A truck pulls boxes up an incline plane. The truck can exert a maximum force of 2,400 N. If the plane's incline is (2 pi )/3 and the coefficient of friction is 5/3 , what is the maximum mass that can be pulled up at one time?

1 Answer
May 10, 2018

The truck will be able to pull up to 144 kg.

Explanation:

This calculation is neglecting any friction or gravity acting on the truck, so it's net force is 2400 N up the slope.

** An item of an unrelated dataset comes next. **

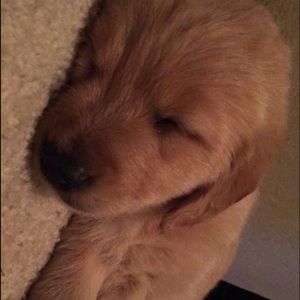 Meet your Posher, Marissa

Also, I'll take theta as pi/3 or 60˚. This is because (2pi)/3 is 120˚ and takes you beyond a vertical slope and back around to 60˚.

The parallel component of the gravitational force on the box is given by

F_(g|\|)=mgsin(theta)

This is the force that gravity exerts on the box down the slope.

The normal force acting on the box is given by the perpendicular component of the gravitational force

N=mgcos(theta)

The frictional force is then given by

F_f=mu_sN=mu_smgcos(theta)

F_(g|\|) and F_f are the opposing forces so if we set the sum of these equal to 2400 N, that will allow us to solve for the maximum mass

F_(g|\|)+F_f=2400

rArrmgsin(theta)+mu_smgcos(theta)=2400

rArrm(gsin(theta)+mu_sgcos(theta))=2400

rArrm=2400/(gsin(theta)+mu_sgcos(theta))

m=2400/(8.487+8.167)=144" kg"

Where

g=9.80" m/s"

mu_s=5/3

theta=pi/3